**EXTRACTED ENTRIES:**
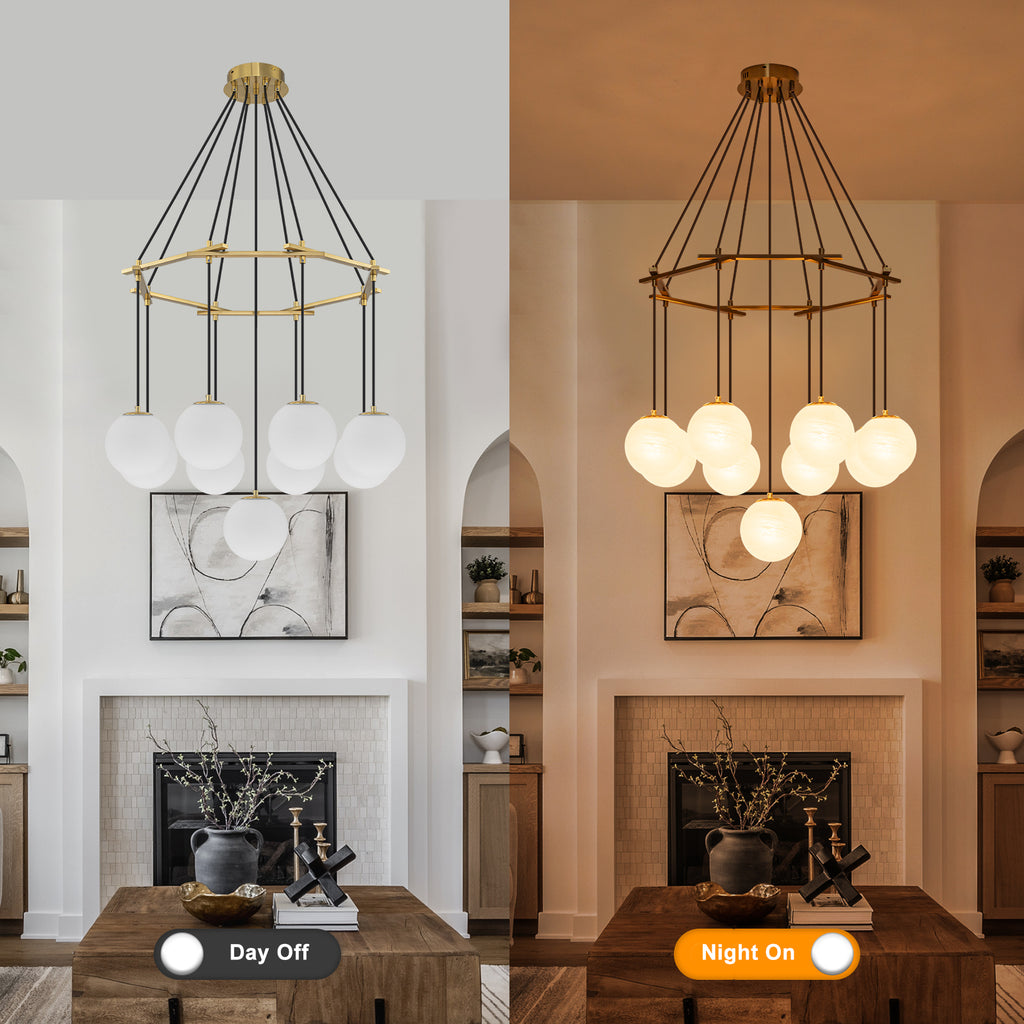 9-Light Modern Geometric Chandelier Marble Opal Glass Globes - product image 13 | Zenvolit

--

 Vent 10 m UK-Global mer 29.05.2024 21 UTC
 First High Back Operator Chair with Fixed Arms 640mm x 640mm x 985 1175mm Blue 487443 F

**BRIEF:** Only the lines above from the line with "Vent 10 m UK-Global mer 29.05.2024 21 UTC" to the line with "First High Back", those two lines included, should be reproduced exactly.

**FINAL ANSWER:**
 Vent 10 m UK-Global mer 29.05.2024 21 UTC
 First High Back Operator Chair with Fixed Arms 640mm x 640mm x 985 1175mm Blue 487443 F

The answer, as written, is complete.